• The records
################
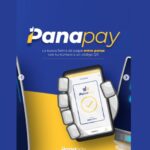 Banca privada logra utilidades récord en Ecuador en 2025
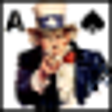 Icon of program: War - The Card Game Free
################
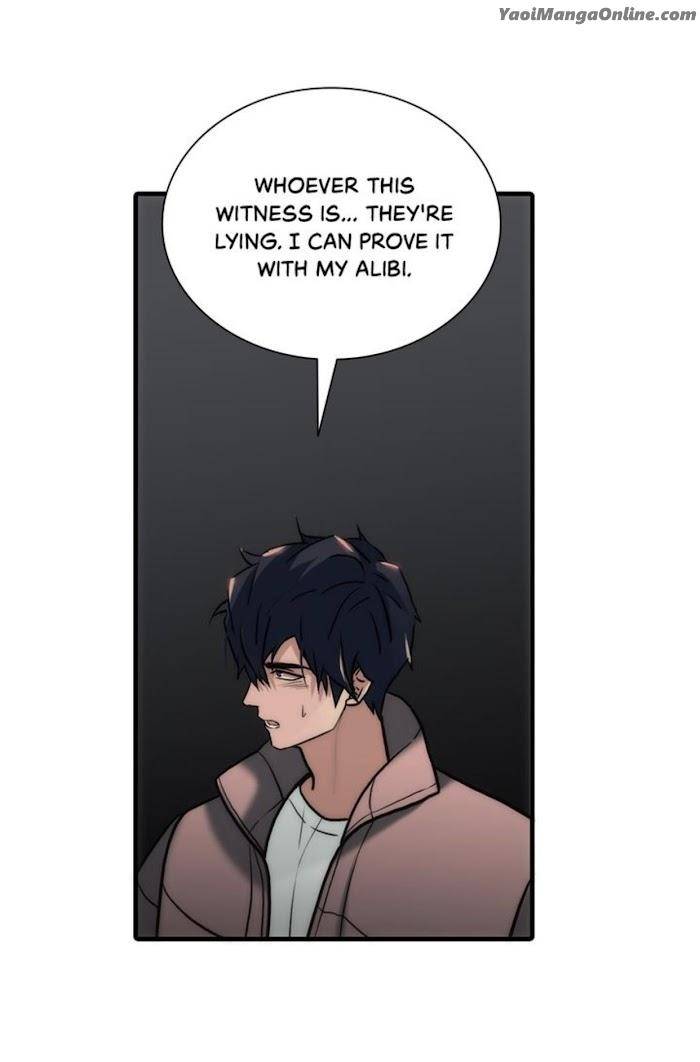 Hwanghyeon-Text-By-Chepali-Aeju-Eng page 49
################
• What needs to be done
In the data above, take the line with "Banca privada logra", the line with "Icon of program: War - The Card Game Free", and every line between, and set them down exactly without pictures.

• Task response
 Banca privada logra utilidades récord en Ecuador en 2025
 Icon of program: War - The Card Game Free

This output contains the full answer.